Teicoplanin is a frontline glycopeptide antibiotic produced by Actinoplanes teichomyceticus. It is used to treat complicated cases of infection, including pediatric ones, caused by Gram-positive pathogens. There is a steady interest in elucidating the genetic mechanisms determining teicoplanin production, as they would help overproduce known teicoplanins and discover novel glycopeptides. Herein, we investigate the transcriptional organization of the tei biosynthetic gene cluster and the roles of the cluster-situated regulatory genes in controlling teicoplanin production and self-resistance in A. teichomyceticus. We demonstrate that the tei cluster is organized into nine polygenic and nine monogenic transcriptional units. Most of tei biosynthetic genes are subjected to StrR-like Tei15* control, which, in turn, appears to be regulated by LuxR-type Tei16*. Expression of the genes conferring teicoplanin self-resistance in A. teichomyceticus is not co-regulated with antibiotic production. The gene tei31*, coding for a putative DNA binding protein, is not expressed under teicoplanin producing conditions and is dispensable for antibiotic production. Finally, phylogenesis reconstruction of the glycopeptide cluster-encoded regulators reveals two main clades of StrR-like regulators. Tei15* and close orthologues form one of these clades; the second clade is composed by orthologues of Bbr and Dbv4, governing the biosynthesis of balhimycin and teicoplanin-like A40926, respectively. In addition, the LuxR-type Tei16* appears unrelated to the LuxR-like Dbv3, which is controlling A40926 biosynthesis.

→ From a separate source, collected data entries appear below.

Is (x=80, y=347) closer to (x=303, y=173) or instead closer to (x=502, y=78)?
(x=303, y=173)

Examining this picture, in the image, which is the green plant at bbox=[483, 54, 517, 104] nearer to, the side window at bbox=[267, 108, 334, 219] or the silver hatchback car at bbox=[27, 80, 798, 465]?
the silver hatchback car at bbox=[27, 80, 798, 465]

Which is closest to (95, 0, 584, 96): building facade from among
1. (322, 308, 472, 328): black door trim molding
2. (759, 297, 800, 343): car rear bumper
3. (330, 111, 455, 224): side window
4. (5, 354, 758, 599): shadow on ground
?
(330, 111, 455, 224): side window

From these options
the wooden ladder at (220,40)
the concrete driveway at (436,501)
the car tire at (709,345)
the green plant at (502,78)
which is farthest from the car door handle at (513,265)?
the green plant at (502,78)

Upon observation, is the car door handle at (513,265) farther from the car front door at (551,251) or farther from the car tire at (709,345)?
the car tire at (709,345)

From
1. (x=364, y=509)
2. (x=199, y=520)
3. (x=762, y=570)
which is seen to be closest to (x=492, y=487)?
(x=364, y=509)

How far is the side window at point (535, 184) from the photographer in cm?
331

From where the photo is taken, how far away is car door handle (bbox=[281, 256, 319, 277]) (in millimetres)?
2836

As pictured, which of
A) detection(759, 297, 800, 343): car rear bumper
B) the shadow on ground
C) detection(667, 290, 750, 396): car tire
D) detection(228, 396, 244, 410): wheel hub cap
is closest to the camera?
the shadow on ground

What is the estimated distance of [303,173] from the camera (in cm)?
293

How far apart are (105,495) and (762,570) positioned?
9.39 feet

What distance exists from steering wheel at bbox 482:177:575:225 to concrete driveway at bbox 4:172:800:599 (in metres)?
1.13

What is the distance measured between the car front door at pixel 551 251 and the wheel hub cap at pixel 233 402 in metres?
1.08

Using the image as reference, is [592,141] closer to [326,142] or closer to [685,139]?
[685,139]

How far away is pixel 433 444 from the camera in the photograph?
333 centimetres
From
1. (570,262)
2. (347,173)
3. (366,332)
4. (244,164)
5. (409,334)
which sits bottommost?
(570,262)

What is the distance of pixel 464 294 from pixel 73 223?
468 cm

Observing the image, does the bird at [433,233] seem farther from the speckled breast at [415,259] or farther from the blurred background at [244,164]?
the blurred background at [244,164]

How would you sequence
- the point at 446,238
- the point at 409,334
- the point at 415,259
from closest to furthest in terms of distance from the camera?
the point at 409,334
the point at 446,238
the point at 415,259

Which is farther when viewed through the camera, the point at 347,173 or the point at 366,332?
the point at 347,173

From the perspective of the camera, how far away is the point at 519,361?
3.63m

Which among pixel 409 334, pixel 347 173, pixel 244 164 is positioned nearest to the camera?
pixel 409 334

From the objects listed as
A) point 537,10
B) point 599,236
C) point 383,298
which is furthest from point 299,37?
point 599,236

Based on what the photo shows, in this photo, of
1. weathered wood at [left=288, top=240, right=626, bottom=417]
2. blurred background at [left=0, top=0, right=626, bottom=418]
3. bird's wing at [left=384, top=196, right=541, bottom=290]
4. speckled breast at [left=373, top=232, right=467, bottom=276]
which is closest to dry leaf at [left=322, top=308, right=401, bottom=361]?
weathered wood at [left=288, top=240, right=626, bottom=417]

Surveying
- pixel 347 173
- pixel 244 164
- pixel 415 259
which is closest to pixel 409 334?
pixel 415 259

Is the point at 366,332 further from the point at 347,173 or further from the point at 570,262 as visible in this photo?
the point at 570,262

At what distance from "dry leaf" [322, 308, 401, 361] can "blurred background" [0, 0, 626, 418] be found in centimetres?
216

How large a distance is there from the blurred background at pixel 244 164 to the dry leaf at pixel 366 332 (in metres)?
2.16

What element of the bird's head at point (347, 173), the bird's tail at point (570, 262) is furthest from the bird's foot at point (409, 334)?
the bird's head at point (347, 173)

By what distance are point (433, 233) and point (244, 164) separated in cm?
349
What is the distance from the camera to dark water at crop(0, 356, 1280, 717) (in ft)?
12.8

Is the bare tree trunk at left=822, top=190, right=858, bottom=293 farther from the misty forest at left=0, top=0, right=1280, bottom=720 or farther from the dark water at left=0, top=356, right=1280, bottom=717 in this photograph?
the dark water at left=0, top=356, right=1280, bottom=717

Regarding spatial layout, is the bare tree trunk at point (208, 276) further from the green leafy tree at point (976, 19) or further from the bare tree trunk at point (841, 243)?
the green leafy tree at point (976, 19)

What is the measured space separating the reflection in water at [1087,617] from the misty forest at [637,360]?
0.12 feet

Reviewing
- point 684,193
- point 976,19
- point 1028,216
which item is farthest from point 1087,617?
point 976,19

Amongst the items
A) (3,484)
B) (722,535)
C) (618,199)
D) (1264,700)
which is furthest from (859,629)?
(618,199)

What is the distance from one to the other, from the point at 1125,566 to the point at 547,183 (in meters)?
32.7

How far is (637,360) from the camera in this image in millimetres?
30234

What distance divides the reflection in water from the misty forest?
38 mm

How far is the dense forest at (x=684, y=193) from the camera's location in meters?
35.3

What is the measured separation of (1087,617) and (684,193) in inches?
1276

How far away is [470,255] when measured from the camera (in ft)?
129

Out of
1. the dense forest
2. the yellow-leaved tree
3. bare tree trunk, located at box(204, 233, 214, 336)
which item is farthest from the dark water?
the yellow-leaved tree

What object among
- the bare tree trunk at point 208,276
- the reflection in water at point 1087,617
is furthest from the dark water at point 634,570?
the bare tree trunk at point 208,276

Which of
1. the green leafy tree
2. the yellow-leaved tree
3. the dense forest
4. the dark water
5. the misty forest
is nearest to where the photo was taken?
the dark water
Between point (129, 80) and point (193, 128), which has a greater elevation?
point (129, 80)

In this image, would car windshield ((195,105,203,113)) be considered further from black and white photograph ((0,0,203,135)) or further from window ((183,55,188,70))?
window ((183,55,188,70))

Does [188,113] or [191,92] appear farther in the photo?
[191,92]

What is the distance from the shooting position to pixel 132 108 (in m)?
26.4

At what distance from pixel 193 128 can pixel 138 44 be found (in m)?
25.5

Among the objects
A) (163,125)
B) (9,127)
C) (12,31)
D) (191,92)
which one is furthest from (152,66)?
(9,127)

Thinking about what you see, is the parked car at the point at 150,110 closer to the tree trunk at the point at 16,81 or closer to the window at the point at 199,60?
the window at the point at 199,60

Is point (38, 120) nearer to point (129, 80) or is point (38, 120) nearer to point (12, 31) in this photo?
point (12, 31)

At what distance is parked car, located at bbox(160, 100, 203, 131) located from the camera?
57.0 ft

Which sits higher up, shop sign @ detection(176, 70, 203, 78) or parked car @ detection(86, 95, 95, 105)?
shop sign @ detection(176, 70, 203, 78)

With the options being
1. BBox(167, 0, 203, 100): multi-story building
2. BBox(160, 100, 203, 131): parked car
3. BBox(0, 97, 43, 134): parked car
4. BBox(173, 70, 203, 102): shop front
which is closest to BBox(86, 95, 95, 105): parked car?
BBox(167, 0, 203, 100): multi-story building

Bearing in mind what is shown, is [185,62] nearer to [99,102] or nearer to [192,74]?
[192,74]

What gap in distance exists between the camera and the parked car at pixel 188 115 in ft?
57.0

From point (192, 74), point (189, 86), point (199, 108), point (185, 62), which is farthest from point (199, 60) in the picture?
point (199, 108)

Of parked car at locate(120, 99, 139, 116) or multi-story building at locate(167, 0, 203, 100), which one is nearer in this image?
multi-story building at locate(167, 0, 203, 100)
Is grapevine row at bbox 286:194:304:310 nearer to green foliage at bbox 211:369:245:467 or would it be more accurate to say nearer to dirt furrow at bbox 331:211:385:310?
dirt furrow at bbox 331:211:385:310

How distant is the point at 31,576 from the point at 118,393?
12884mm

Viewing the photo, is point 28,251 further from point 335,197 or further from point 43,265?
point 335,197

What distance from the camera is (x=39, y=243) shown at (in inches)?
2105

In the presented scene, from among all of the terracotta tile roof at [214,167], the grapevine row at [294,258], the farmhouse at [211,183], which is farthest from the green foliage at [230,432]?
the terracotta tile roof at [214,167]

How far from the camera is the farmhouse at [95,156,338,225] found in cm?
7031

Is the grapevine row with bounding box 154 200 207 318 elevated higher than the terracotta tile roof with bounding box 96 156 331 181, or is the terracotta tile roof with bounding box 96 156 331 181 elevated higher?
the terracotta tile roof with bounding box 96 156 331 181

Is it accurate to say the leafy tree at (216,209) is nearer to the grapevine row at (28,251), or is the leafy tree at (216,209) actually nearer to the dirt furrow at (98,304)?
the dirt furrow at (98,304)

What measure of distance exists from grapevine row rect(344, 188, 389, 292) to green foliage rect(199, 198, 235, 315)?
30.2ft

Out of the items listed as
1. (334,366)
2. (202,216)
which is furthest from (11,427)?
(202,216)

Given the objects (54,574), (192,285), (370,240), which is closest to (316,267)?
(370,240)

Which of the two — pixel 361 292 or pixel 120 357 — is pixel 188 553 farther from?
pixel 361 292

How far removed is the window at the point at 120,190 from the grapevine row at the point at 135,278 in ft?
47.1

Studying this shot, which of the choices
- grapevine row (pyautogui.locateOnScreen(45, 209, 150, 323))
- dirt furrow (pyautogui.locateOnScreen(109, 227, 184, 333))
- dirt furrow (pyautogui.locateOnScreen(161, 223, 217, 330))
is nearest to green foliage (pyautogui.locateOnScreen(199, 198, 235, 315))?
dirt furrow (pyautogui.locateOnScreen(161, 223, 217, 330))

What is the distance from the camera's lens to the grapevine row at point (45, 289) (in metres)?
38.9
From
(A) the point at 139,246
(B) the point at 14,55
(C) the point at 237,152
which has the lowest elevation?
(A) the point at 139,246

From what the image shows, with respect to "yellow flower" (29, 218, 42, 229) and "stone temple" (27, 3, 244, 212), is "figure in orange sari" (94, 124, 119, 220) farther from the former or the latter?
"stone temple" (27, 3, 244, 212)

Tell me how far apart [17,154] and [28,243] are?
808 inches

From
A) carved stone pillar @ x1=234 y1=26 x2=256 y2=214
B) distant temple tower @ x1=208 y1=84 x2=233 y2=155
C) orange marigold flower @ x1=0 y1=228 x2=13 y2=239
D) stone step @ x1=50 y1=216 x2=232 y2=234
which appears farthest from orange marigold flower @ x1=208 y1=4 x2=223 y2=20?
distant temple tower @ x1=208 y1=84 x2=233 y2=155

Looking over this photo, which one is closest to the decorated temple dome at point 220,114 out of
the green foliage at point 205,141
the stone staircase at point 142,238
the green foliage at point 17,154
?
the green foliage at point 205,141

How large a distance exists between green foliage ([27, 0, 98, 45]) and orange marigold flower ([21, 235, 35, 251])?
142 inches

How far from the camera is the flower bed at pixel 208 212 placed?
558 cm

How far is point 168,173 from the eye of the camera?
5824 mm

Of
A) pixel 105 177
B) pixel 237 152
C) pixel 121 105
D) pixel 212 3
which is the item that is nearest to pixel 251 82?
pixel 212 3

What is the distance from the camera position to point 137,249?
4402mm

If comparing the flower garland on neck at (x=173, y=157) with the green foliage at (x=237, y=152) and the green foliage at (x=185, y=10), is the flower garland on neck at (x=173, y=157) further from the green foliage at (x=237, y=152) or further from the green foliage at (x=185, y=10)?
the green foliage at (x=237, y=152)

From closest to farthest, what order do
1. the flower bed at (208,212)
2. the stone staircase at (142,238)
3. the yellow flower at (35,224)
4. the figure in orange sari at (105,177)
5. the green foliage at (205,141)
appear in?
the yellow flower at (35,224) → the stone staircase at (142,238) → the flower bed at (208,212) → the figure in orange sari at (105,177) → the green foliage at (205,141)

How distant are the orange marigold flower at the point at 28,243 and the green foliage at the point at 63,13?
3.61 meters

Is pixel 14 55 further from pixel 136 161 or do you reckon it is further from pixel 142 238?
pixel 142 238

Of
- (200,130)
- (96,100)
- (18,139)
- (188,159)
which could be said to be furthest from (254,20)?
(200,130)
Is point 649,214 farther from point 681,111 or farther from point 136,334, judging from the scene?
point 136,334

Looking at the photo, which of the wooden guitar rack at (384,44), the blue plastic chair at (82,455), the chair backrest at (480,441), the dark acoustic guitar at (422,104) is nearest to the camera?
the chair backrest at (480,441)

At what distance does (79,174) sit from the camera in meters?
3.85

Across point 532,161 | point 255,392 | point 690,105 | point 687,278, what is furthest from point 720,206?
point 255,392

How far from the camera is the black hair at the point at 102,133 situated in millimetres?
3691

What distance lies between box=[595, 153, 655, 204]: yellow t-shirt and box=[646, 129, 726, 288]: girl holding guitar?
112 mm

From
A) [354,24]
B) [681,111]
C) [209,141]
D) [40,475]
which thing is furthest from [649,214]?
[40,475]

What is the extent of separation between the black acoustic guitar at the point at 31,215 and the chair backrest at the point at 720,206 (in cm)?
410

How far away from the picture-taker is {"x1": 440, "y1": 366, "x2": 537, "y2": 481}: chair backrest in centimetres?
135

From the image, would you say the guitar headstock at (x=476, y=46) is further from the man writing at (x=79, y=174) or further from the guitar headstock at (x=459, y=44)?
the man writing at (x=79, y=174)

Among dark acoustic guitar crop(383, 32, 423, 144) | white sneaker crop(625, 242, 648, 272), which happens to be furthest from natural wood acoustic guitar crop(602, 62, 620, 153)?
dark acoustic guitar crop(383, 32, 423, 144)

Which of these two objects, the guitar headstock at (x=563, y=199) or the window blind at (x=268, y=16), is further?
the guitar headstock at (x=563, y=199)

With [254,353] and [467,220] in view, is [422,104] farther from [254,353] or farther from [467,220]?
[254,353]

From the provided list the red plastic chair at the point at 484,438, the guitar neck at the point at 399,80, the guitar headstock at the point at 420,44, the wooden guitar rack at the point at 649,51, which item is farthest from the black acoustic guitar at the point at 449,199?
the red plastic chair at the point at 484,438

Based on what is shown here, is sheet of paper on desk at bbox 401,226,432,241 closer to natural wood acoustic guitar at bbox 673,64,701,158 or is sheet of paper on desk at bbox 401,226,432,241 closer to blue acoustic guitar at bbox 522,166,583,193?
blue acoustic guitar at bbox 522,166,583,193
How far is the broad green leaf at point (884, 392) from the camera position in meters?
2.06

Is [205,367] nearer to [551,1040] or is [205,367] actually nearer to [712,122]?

Our results shed new light on teicoplanin biosynthesis regulation and on the evolution of novel and old glycopeptide biosynthetic gene clusters.

Keywords

Actinoplanes Glycopeptide antibiotics Glycopeptide resistance Teicoplanin Cluster-situated regulatory genes tei cluster 

Notes

Funding

This work was supported by grant Bg-46F from the Ministry of Education and Science of Ukraine to V. F., personal grants from CIB (Consorzio Interuniversitario per le Biotecnologie) and DAAD (German Academic Exchange Service) 57048249 to O.Y., and support from the DFG (SFB 766) to E.S.

Compliance with ethical standards

Conflict of interest

The authors declare that they have no conflict of interest.

Ethical statement

This article does not contain any studies with human participants or animals performed by any of the authors.

Supplementary material

253_2019_9789_MOESM1_ESM.pdf (713 kb)
ESM 1 (PDF 713 kb)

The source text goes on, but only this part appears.